Before I sign those forms, I want to consider, how I can keep myself from cutting into my priorities. So, I am taking a look at my rocks and pebbles and how to fit them in my jar.
Rocks and pebbles refer to a time management analogy. In this analogy, someone has an assortment of rocks, smaller pebbles and sand that must fit into one jar. In order to make everything fit into the jar, they must be put in the right order: rocks first, then pebbles, then sand.
Rocks= major responsibilities
Pebbles=tasks and activities we would like to do, but are optional
Sand=mindless activities that fill in the cracks, such as checking Facebook or watching TV.
You can watch a version of this here:
First, the rocks (we’ll get into the pebbles and sand in a later post).
What are the most important responsibilities you have in life and how can you determine what those are? This may seem like an easy question, but it can take some thought to figure out. One reason, is because we are so indoctrinated in the idea that we can do anything we want if only we try hard enough. A very motivating, maybe depressing thought, depending on how you look at it, but the reality is that although, we can achieve a lot if we try hard and are given the right circumstances to do so, we still have a finite amount of goals we can reasonably pursue because we have a finite amount of time and energy.

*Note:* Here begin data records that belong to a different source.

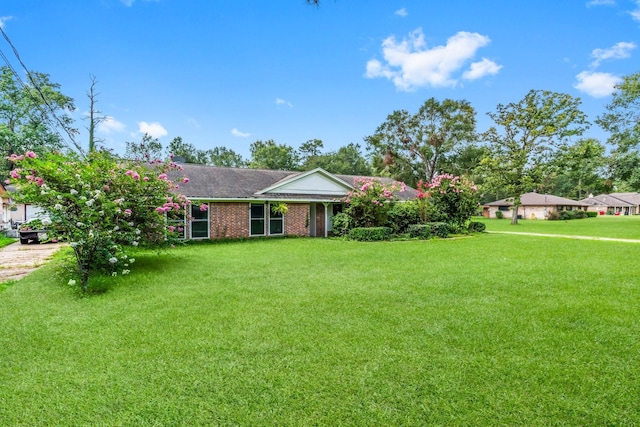 ranch-style home with a front lawn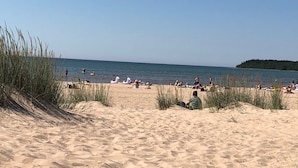 A sandy beach with people sunbathing and swimming. - Kotimaailma Apartments Pori City Center (Pori)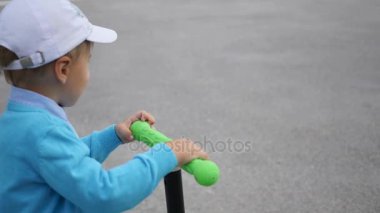 mutlu bir çocuk onun scooter Park.Fun havada sürmek. Yakın çekim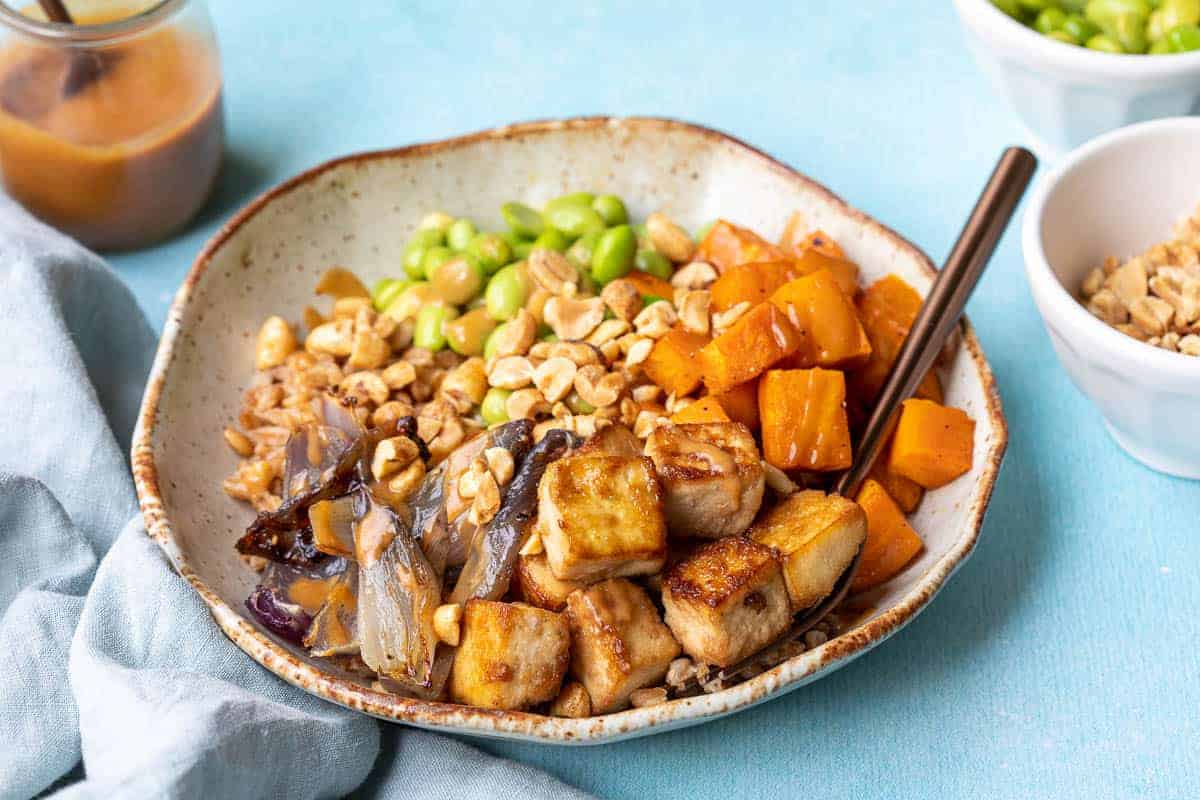 Tofu Buddha bowl with rice, roasted veggies, and sesame seeds.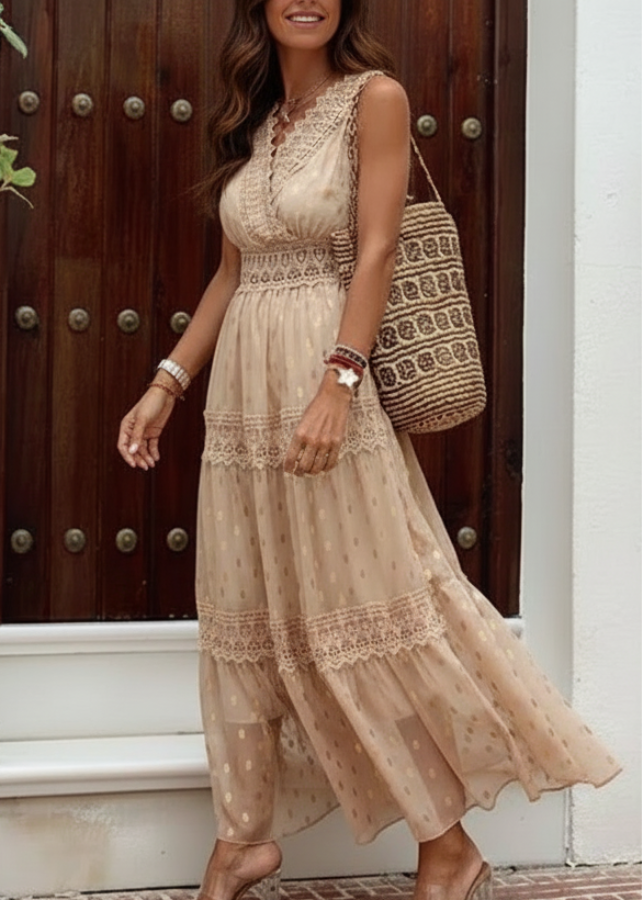 Woman wearing Indra Nude lace dress standing in front of a wooden door.
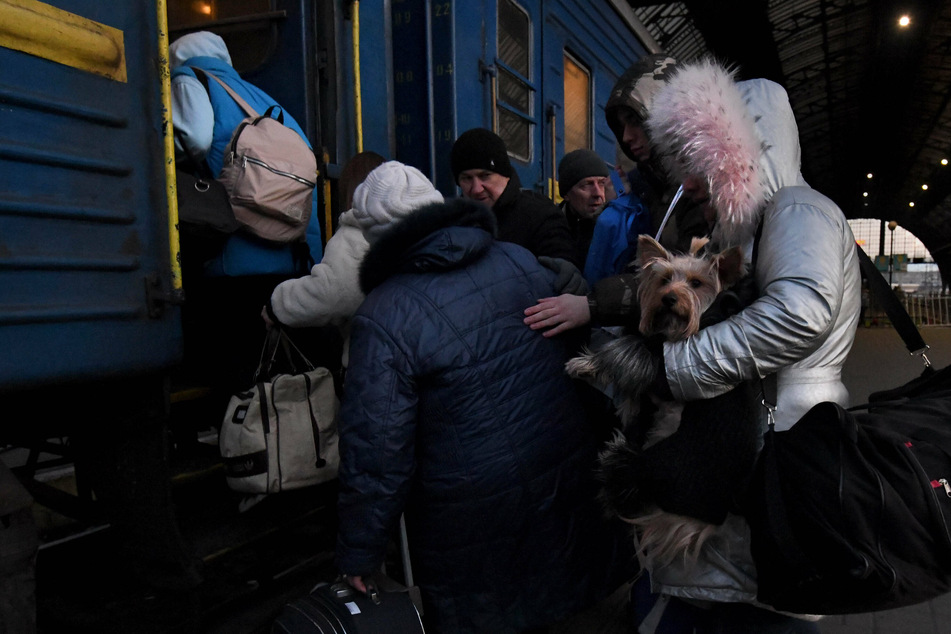 Refugees fleeing the Russian invasion in Ukraine evacuated through a train station in Lviv on Tuesday. The refugee exodus is the largest in Europe since WWII.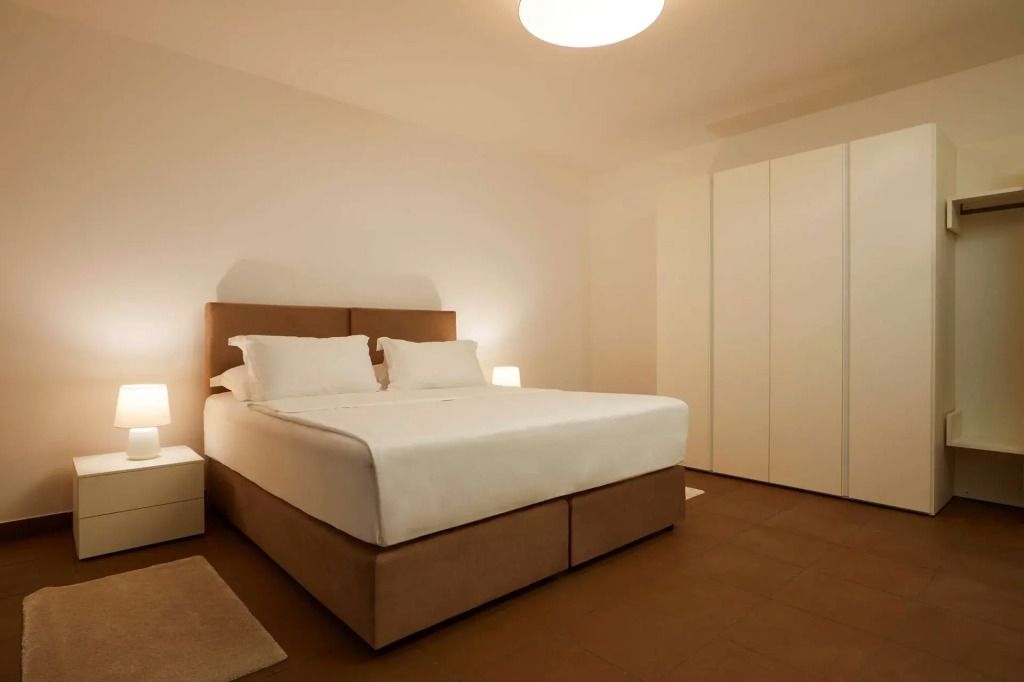 Minimalistisch eingerichtetes Schlafzimmer mit Doppelbett und warmer Beleuchtung.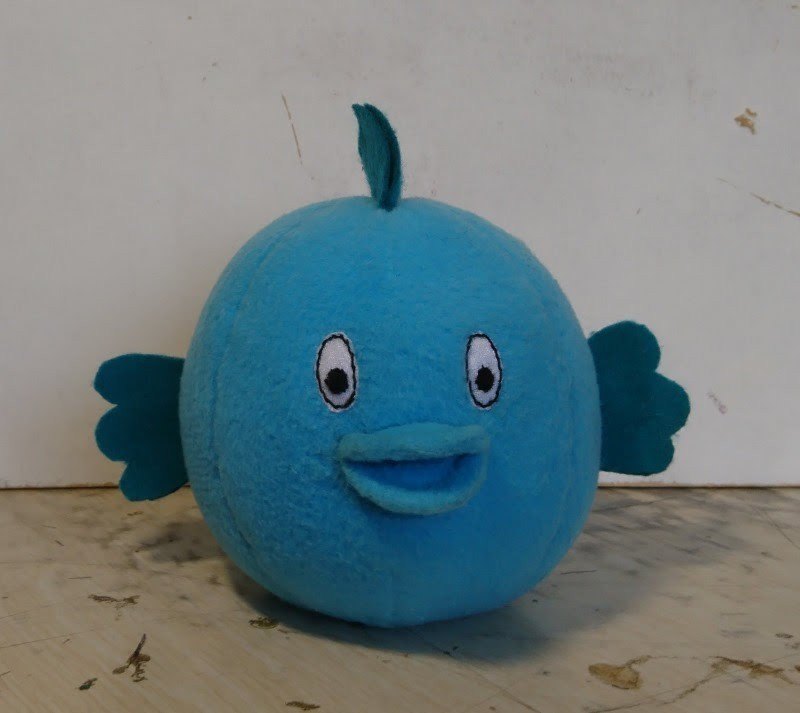 Плюшевая рыба ручной работы в мастерской: бирюзовый шар с открытым ртом и волнистыми боковыми плавниками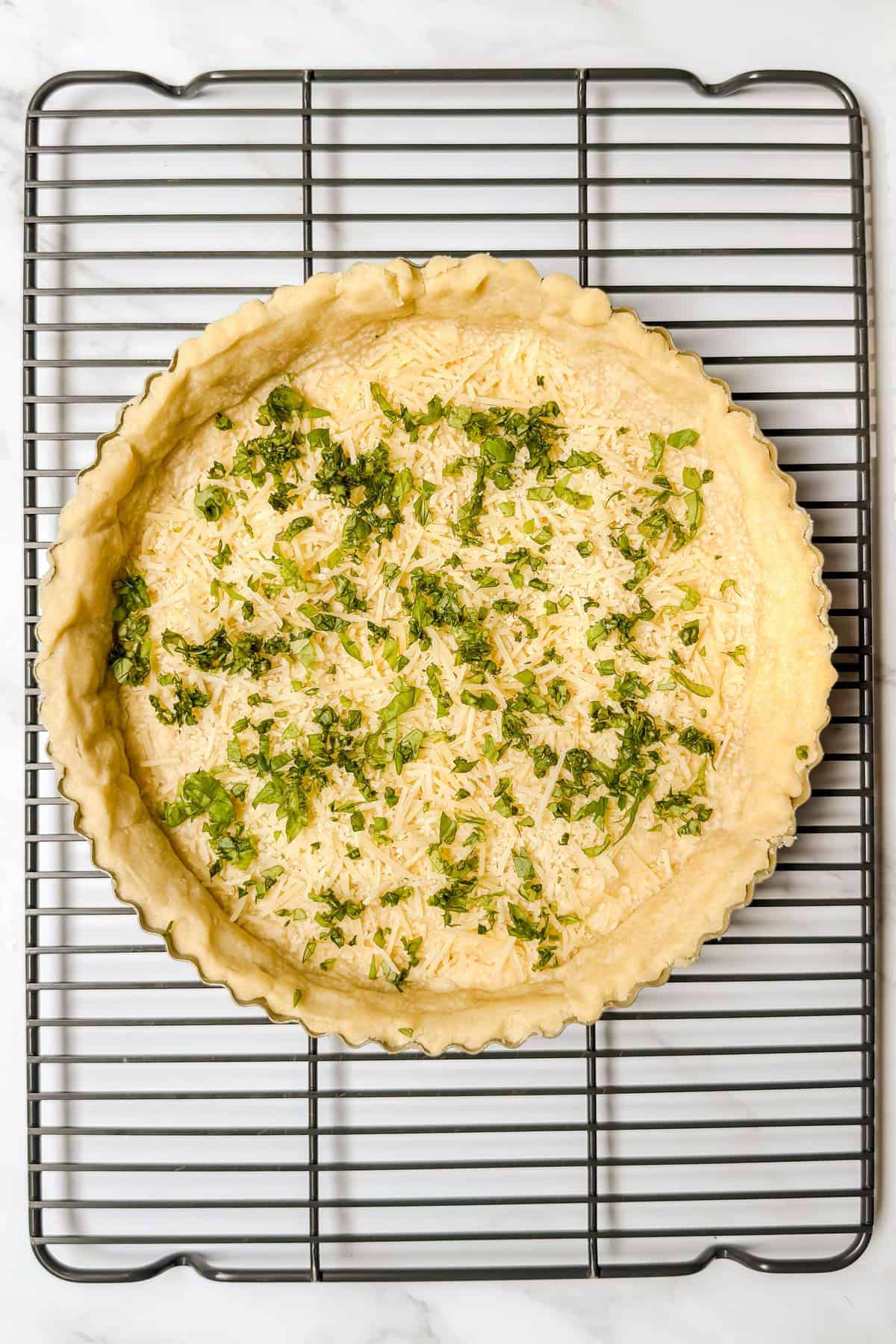 A partially baked pie crust in a tart pan, topped with shredded cheese and chopped herbs, sits on a cooling rack-perfect for a savory tomato basil pie.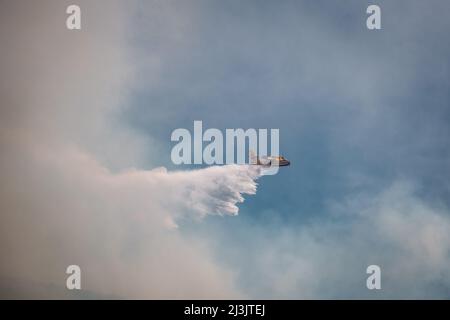 Speloncato, Corse, France - 8th avril 2022. Un avion-feu de Canadair de la Civile française de la Securitite fait couler de l'eau au-dessus d'un feu de forêt au-dessus du village de SPE Banque D'Images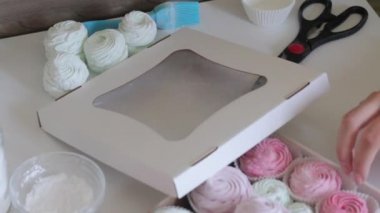 Kadın marşmelovu hediye kutusuna koyuyor. Yakınlarda saydam pencereli bir kutunun kapağı var. Şekerlemeler farklı renklerde, masanın yüzeyine serilmiş...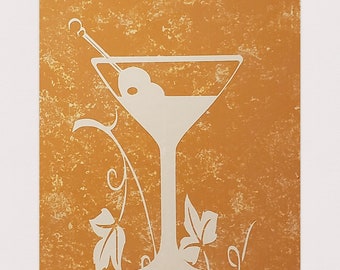 May include: A gold-colored sign with the text "Happy Hour All Day" in white lettering. A white silhouette of a martini glass with an olive is in the center of the sign.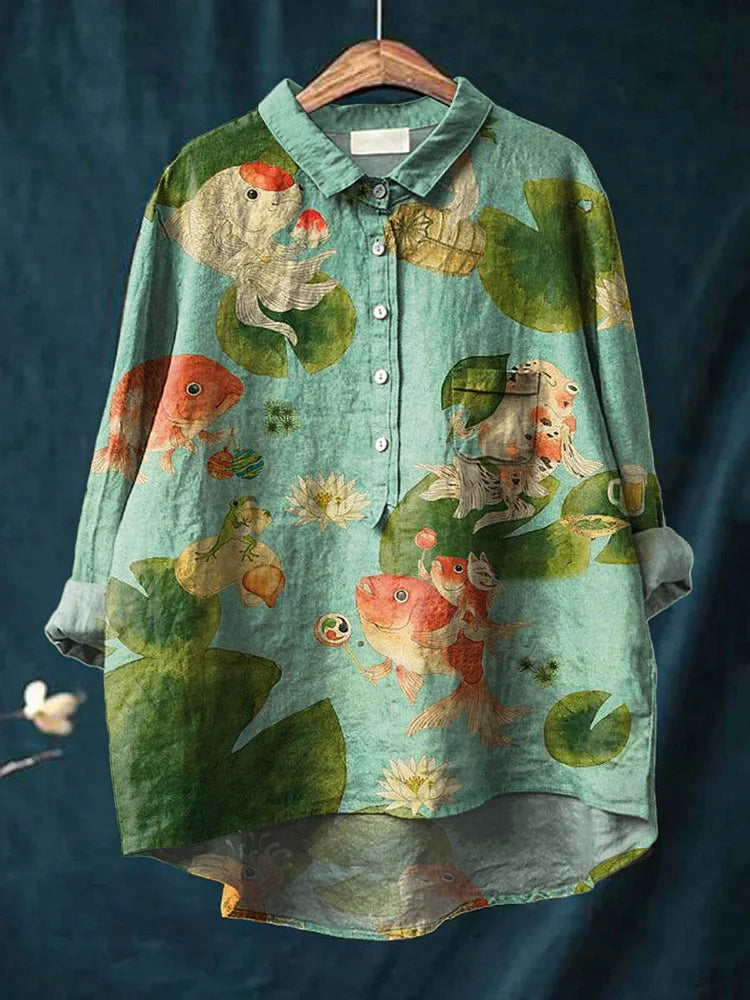 Teal long-sleeve button-up shirt with fish and seaweed graphic print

Greg McKeowen, author of Essentialism, a book that looks at how to manage our time by not doing too much, argues that one of the reasons we are so overworked is simply because we take on too much, he relates:
The word priority came into the English language in the 1400s. It was singular. It meant the very first or prior thing. It stayed singular for the next five hundred years. Only in the 1900s did we pluralize the term and start talking about priorities. Illogically, we reasoned that by changing the word we could bend reality. Somehow we would now be able to have multiple “first” things.
I can only do a few things really well because I simply can not focus on more than a few things at a time, no one can. Following the advice in Essentialism, I wrote down 2-4 of these priorities, tasks for which I was most suitable for accomplishing, they are:
- Being there for the most important people in my life, starting with my husband and kids and continuing on to extended family members and friends in the best way I can.
- Learning and developing as a person (can’t really give this priority to someone else).
I haven’t quite figured out what I’m going to sign up for this year, but I do know that it will not be something that cuts into my priorities. In the next post, we will talk about what else we may want to fit in, but until then I invite you to join me in answering the following question:
What are 2-4 priorities in your life? These should be tasks which either would not get done if you didn’t do them or for which you feel the most well suited to take care of.